Let’s see how \(\hat{R}\) evolves as we take more and more MCMC steps:

compute_diagnostics_every = 10
rhats = []
for i in range(2, num_samples_per_chain, compute_diagnostics_every):
    rhat = blackjax.diagnostics.potential_scale_reduction(samples[:, :i])
    rhats.append(rhat)
rhats = jnp.array(rhats)

../../_images/da40a21e039c89260606f71974137bd20c62bd2a549189b7b26122f05a4c4e09.svg

This plot suggests that the chains are not converged in the first 100 samples. These are burn-in samples and should be discarded.

Dealing with correlated samples#

Another issue with our samples is that they are correlated. Meaning that the \((i+1)^\text{th}\), \((i+2)^\text{th}\), \(\dots\) samples are not independent from \(i^\text{th}\) sample. If we want approximately independent samples, we need to throw away most samples and only keep every \(n\)-th sample. This is called thinning.

But how many samples should we thin out? The effective sample size (ESS) helps answer this question. Let’s plot ESS as the number of samples increases:

n_effs = []
for i in range(2, num_samples_per_chain, compute_diagnostics_every):
    n_eff = blackjax.diagnostics.effective_sample_size(samples[:, :i])
    n_effs.append(n_eff)
n_effs = jnp.array(n_effs)

../../_images/973139bbf1ca79a85c8eef6b41560b5e25cd4b2d148255c5b20a4cad183a336d.svg

After 400 MCMC steps, we can see how many times we’ve effectively sampled our distribution. The ESS tells us by how much we should thin our samples.

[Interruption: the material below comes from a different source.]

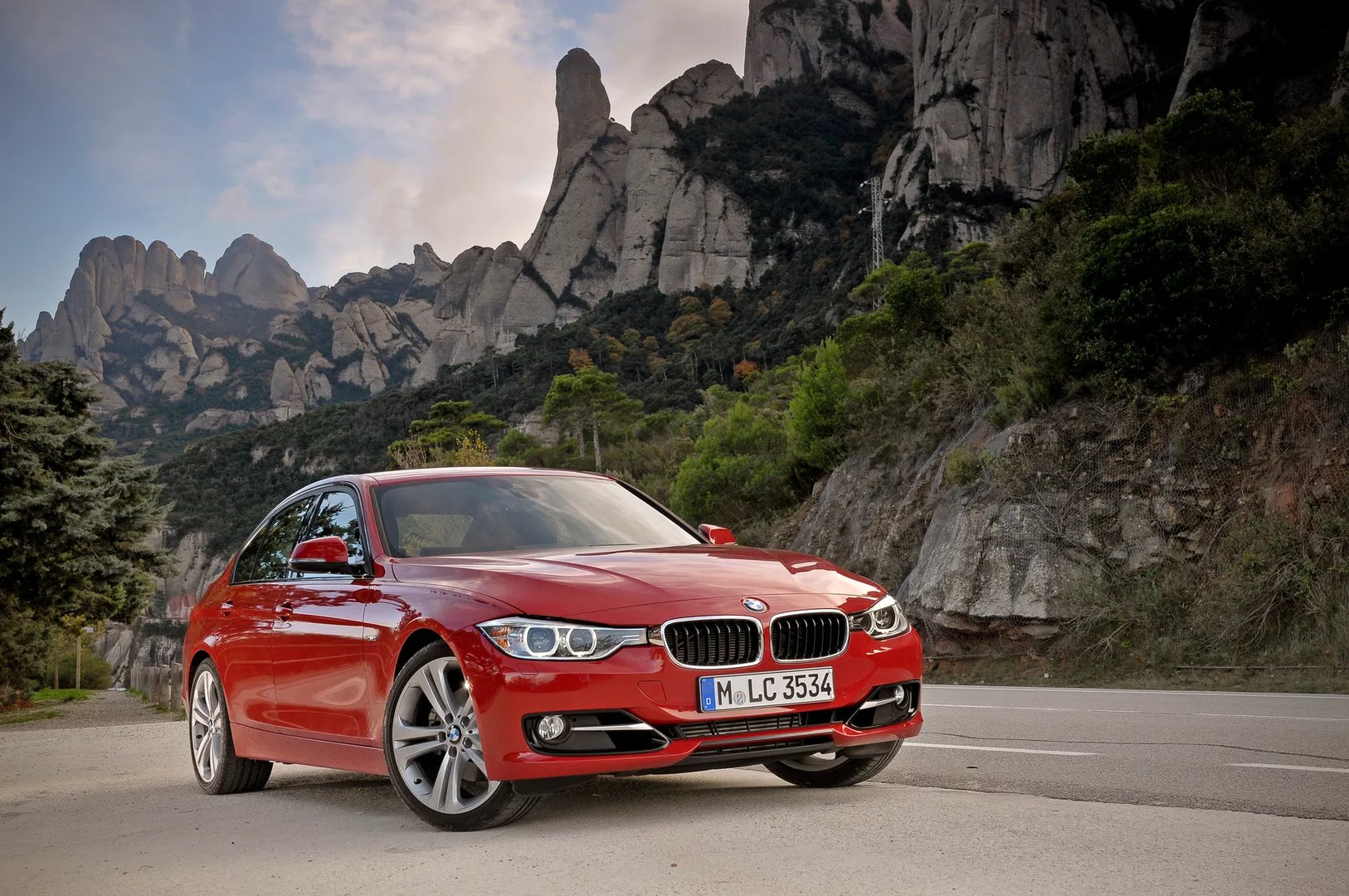F30  Sedan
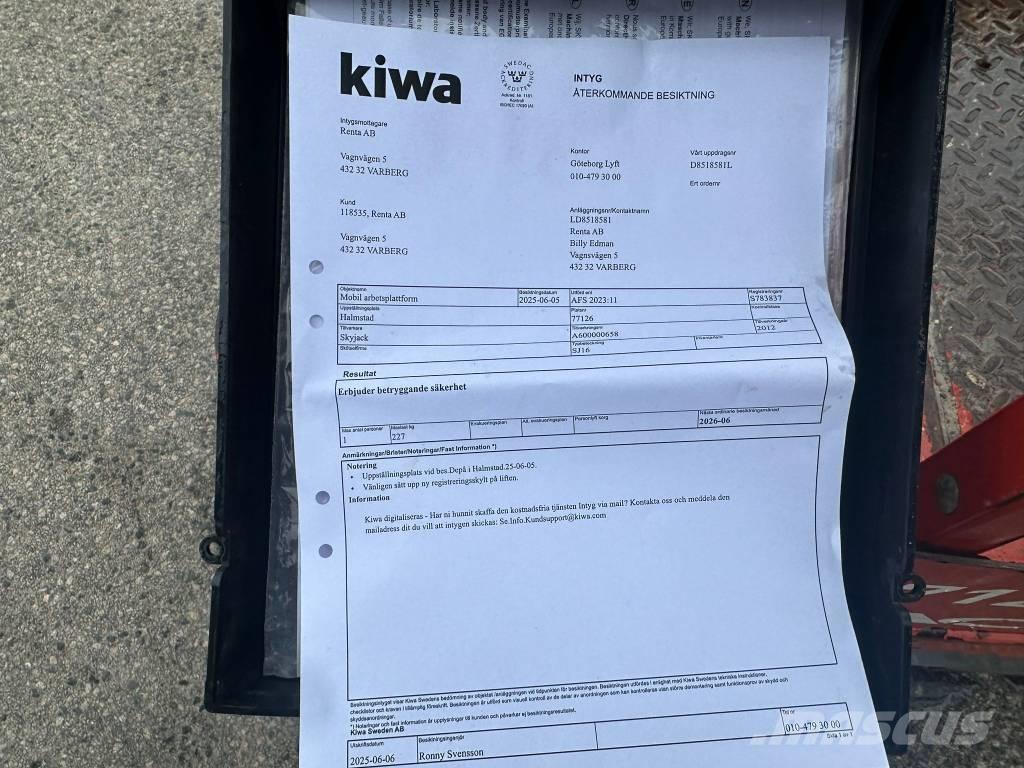 SkyJack SJ 16 Ανυψωτήρες με κατακόρυφους πυλώνες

Now that we’ve diagnosed our chains, let’s plot the “true” samples (i.e., after thinning and removing burn-in):

# The original shape of the `samples` array is (n_chains, n_samples, n_dim)
burn_in = 100  # Remove first N samples
thin = 4  # Only keep every M samples
true_samples = samples[:, burn_in::thin]

# Concatenate the chains. Final shape is (n_chains * n_true_samples_per_chain, n_dim)
true_samples = true_samples.reshape(-1, 2)

../../_images/a116d54a0e7a9c621294b25fe2db9f19762fbc554106fa16e6f96c03b25e6fdd.svg

Indeed, these do look like samples from the banana distribution. MCMC was successful!

Questions#

Play with the proposal distribution. Change the alpha parameter to make proposal distribution more narrow or wide. How does this affect the evolution of \(\hat{R}\) and ESS?
Try a proposal distribution that is independent of the state \(x\). What happens if this proposal distribution does not cover well the region of high probability in the target distribution?
Play with the starting point. Try starting the chains from points that are farther away from the mode of the distribution (e.g., by modifying the init_state_spread parameter). How does starting from a “bad” point affect the convergence? How can you tell when you’ve started at a “bad” point?